Page 23 of Spellbound


  "His real name is Gilles de Rais," she began. Then she studied my face. "You don't recognize the name?"

  "Should I?"

  "Do you know the legend of Elizabeth Bathory?"

  "Sure. She's one of the sources for Dracula. Killed hundreds of peasants and bathed in their blood, thinking it would keep her eternally young. She was tried, convicted, and walled up. That's the human legend. The supernatural one says that she was a vampire. Also an immortality--"

  I stopped. "It was rumored that she wasn't satisfied with a vampire's semi-immortality. She was conducting experiments to extend that. In other words, she was an immortality quester. There's a connection, isn't there? To Anita Barrington."

  "Perhaps. What else do you know?"

  "That her fellow vampires condemned her for killing so many people, and they're the ones who walled her up, then created the story of her death. The legend is that she'd found the cure for mortality, meaning she's still walled up today. Only no one knows where, because every vampire who put her there has passed on. So who's Gilles de Rais? A follower of Bathory?"

  "The other way around," Cassandra said. "De Rais predates Bathory by nearly a century. He was a French knight who fought with Joan of Arc. Legend says he killed hundreds of children. While some claimed it was occult sacrifice on behalf of a demon, trial records indicate he was closer to a modern serial killer, murdering children for sexual pleasure."

  I thought of the man I'd met, remembered talking to him, listening to him orate, admiring his skill. I felt sick.

  "That's the human story," Cassandra continued. "As with the Bathory legend, there's another one for supernaturals."

  "Claiming he was an immortality quester, I bet."

  "A successful one. Records show that he was hanged for his crimes. Our stories say that he survived."

  "And ours are right?"

  "No one knows," Cassandra said. "Some say he assisted Bathory in her crimes, and helped her achieve immortality. Others said she was simply following his example, that she'd procured notes from his estate. For the past four hundred years, supernaturals have claimed to see Gilles de Rais alive. Claimed to have spoken to him. Claimed to have collaborated with him. While there are many reports, none can be substantiated."

  "But you've met him, right? You recognized him in the photo."

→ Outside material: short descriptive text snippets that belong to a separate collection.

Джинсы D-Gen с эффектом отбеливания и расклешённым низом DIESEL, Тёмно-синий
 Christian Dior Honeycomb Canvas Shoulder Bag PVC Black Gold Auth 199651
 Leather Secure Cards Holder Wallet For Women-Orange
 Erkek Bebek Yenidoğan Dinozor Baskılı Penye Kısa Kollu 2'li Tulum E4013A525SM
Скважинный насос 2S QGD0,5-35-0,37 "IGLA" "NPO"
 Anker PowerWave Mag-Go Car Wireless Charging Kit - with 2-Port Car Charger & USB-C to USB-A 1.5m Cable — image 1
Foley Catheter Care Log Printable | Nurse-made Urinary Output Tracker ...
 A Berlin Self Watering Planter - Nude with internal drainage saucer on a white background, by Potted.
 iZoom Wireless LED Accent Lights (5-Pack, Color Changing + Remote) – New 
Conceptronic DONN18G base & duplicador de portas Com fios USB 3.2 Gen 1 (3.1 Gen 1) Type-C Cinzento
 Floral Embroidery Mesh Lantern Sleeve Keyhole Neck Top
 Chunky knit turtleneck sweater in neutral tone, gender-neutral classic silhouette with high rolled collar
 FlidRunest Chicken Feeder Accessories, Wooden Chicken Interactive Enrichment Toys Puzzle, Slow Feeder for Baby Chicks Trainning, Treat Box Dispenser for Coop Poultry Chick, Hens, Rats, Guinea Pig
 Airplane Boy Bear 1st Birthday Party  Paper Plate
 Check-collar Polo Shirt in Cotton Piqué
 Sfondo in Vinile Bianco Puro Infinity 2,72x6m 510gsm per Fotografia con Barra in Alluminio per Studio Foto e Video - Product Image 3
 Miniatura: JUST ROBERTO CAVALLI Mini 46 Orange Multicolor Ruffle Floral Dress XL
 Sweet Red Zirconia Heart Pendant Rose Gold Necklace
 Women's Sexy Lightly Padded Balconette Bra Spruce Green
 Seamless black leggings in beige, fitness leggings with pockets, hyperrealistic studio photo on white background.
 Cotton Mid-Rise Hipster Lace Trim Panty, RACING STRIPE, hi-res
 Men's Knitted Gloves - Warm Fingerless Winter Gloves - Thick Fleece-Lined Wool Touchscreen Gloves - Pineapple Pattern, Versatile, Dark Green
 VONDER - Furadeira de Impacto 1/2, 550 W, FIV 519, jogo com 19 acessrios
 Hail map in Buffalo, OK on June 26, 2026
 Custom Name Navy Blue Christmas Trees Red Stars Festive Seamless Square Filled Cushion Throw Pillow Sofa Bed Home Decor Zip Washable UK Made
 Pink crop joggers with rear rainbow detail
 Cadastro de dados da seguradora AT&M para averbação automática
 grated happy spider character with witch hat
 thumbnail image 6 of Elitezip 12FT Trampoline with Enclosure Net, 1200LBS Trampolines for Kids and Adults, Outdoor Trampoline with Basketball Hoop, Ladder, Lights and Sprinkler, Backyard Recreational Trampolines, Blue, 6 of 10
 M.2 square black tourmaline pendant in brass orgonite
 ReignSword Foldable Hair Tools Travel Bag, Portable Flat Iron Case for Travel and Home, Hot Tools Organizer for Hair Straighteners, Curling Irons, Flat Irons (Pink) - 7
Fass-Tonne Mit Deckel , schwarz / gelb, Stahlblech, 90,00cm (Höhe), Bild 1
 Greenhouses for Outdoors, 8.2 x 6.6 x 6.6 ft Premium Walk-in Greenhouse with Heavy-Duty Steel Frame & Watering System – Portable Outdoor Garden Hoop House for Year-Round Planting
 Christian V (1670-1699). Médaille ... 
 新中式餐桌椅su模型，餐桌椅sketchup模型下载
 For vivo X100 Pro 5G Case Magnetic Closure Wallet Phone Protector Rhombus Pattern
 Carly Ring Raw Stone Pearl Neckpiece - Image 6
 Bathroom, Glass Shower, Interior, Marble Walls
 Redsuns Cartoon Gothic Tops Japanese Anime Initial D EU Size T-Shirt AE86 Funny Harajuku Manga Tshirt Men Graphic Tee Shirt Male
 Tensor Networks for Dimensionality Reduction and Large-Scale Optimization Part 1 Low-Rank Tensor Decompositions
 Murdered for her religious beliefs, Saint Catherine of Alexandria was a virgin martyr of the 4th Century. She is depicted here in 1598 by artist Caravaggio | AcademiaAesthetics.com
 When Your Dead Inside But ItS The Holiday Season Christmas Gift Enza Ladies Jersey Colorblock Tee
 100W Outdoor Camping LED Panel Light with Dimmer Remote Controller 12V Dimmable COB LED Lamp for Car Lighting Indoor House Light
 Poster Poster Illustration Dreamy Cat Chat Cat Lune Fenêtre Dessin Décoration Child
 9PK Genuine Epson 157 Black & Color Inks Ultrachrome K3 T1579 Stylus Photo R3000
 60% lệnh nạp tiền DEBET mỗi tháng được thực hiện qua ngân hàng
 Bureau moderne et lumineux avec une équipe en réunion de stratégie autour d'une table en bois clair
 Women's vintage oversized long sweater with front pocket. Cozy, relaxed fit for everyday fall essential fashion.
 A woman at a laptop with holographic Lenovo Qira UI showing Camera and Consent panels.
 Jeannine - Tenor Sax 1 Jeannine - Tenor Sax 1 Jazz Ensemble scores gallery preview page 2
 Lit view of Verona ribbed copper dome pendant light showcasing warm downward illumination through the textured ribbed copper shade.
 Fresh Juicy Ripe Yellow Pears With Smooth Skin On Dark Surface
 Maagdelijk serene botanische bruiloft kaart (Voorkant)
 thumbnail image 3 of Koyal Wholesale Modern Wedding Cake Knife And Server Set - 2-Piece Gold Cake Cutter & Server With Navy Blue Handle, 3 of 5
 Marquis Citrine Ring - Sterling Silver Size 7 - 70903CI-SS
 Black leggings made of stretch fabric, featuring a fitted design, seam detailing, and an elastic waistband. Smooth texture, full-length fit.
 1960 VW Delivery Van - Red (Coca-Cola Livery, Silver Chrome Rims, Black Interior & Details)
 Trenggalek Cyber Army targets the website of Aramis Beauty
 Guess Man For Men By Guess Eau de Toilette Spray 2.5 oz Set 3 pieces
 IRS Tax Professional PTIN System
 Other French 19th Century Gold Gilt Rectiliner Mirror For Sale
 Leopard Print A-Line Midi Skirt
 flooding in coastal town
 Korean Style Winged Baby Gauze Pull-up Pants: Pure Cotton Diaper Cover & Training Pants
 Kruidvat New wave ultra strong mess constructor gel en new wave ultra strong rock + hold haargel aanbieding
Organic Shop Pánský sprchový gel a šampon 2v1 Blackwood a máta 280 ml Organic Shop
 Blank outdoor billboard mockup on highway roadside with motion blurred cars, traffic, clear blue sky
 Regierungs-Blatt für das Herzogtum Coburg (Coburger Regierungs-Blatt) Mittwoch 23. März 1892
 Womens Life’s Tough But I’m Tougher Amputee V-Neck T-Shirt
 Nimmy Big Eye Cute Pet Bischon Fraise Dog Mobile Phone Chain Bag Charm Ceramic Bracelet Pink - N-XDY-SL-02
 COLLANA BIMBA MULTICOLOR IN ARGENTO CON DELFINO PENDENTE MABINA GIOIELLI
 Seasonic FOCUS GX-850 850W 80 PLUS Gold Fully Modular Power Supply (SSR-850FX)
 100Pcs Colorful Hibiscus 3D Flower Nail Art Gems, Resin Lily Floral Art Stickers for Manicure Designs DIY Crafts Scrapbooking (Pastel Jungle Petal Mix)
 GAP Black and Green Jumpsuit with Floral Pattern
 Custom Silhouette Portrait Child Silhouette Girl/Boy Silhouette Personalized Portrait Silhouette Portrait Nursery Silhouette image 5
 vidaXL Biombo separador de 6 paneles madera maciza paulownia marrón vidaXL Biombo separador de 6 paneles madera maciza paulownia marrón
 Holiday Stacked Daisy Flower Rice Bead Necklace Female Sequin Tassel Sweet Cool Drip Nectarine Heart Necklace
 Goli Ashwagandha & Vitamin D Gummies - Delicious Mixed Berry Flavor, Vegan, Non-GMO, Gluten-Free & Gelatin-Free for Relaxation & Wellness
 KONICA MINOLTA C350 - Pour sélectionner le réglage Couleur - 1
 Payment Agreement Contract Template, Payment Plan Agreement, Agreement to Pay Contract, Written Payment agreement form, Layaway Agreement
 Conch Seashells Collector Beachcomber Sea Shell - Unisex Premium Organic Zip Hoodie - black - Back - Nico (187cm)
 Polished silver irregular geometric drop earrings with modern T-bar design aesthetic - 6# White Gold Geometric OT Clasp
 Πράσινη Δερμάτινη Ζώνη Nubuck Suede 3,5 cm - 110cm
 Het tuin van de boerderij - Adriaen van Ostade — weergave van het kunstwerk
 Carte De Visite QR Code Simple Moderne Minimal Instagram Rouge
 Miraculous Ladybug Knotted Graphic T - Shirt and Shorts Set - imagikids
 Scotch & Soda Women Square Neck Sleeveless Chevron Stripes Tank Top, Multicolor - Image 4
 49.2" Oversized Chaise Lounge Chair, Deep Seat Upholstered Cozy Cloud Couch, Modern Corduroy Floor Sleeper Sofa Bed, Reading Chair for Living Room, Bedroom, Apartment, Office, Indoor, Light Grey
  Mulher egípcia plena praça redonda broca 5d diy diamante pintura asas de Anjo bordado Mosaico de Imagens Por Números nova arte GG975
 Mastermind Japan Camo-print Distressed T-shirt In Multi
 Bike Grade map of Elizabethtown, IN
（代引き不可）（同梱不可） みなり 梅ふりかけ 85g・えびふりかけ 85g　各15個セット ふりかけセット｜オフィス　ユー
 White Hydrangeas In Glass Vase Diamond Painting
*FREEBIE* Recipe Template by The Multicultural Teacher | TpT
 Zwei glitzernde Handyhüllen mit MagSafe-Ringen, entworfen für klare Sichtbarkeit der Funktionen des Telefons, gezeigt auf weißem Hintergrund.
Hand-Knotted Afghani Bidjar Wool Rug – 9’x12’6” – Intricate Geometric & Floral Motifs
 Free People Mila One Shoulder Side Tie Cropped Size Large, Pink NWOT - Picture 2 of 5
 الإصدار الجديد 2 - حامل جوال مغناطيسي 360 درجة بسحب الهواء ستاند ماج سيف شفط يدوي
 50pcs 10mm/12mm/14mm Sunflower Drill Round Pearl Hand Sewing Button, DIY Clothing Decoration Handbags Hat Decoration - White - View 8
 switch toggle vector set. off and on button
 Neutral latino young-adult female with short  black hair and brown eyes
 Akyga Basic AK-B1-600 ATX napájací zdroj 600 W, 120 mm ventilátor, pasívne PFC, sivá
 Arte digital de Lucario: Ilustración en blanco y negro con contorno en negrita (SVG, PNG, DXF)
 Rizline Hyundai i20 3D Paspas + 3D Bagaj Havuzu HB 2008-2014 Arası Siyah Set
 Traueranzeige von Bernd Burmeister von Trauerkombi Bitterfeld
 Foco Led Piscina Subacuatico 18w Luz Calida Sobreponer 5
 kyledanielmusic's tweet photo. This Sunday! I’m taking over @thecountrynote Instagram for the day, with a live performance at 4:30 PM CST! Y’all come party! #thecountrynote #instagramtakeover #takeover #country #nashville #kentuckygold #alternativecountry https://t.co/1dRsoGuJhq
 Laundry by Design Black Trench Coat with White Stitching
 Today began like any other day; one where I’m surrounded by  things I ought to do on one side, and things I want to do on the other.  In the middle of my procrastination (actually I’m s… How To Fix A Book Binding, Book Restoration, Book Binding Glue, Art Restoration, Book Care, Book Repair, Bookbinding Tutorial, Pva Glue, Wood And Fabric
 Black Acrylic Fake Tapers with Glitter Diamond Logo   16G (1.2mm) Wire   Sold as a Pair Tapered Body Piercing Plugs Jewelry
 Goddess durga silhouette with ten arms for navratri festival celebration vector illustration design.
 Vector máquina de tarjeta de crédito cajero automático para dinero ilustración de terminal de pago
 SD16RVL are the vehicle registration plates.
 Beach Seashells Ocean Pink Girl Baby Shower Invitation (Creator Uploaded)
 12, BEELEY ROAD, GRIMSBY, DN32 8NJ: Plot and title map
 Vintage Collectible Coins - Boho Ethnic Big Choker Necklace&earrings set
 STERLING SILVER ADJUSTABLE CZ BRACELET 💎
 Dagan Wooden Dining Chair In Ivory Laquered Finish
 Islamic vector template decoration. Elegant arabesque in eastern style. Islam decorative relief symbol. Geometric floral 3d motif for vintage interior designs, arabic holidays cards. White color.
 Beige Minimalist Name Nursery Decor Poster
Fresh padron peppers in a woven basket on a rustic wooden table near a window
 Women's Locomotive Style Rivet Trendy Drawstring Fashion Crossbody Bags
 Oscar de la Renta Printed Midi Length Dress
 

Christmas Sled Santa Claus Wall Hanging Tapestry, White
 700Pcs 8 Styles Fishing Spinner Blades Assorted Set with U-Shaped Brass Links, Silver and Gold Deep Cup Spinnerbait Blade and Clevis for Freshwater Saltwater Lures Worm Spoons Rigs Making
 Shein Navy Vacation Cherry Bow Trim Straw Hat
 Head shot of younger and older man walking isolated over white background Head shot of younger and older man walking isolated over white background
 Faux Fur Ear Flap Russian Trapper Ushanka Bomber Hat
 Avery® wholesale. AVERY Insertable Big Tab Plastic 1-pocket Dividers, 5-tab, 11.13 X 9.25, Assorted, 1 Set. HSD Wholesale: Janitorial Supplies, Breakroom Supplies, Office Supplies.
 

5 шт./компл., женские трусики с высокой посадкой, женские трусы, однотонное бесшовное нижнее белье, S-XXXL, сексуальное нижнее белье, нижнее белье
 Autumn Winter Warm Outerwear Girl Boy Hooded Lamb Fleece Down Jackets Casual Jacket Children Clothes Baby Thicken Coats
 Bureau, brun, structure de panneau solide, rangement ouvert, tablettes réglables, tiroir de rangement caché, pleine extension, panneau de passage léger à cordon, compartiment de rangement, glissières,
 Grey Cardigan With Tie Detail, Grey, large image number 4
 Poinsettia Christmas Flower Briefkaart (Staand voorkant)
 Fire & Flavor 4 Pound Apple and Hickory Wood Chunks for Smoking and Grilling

  "I have met the man in the photograph," she said carefully. "He called himself Gilles de Rais. I was skeptical then. I still am. But whether he is de Rais or has merely claimed his identity, I can't say. The point is moot. What matters is that whoever this man is, he hasn't aged since I met him over sixty years ago. He was not a vampire then and, if you are correct, he is not a vampire now."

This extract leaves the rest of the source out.